*** Block opens ***
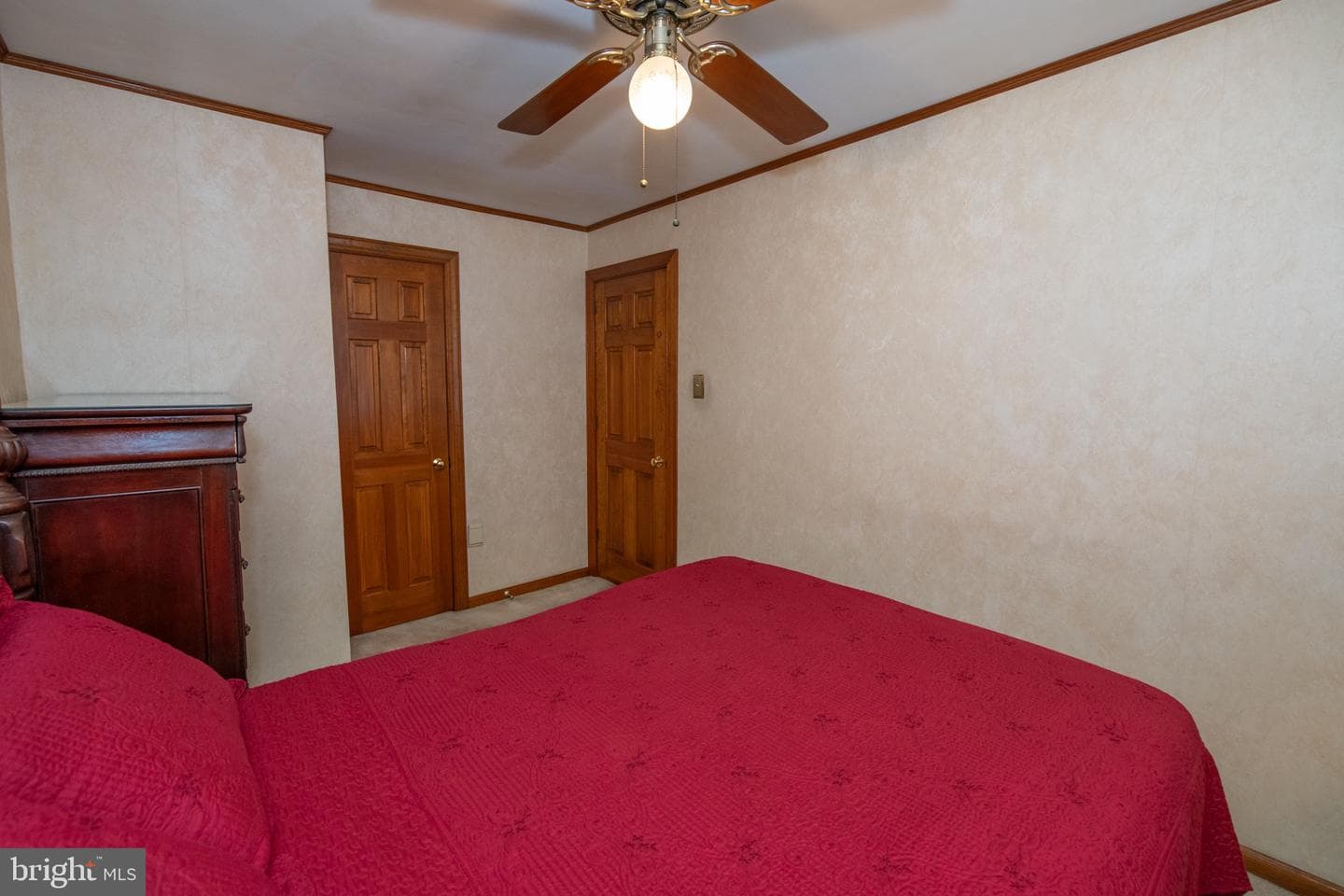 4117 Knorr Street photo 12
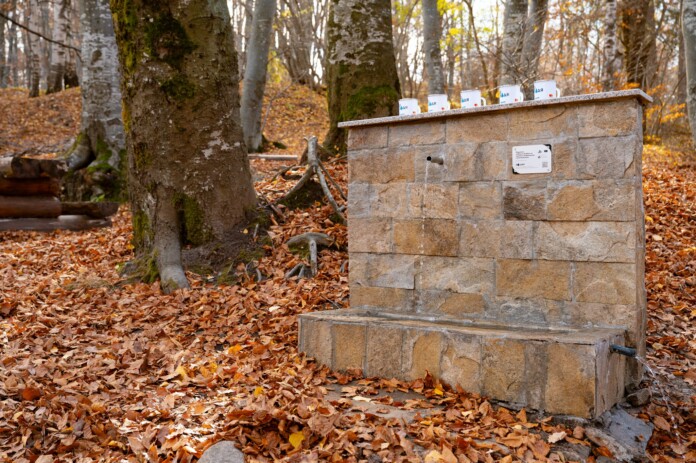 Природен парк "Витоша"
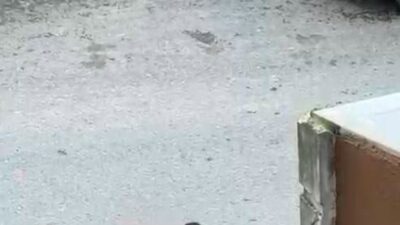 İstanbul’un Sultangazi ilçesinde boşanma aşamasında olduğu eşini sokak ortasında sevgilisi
*** Block closes ***
- **Activity**
Output all the data above verbatim, leaving out images.

- **Problem solution**
 4117 Knorr Street photo 12
 Природен парк "Витоша"
 İstanbul’un Sultangazi ilçesinde boşanma aşamasında olduğu eşini sokak ortasında sevgilisi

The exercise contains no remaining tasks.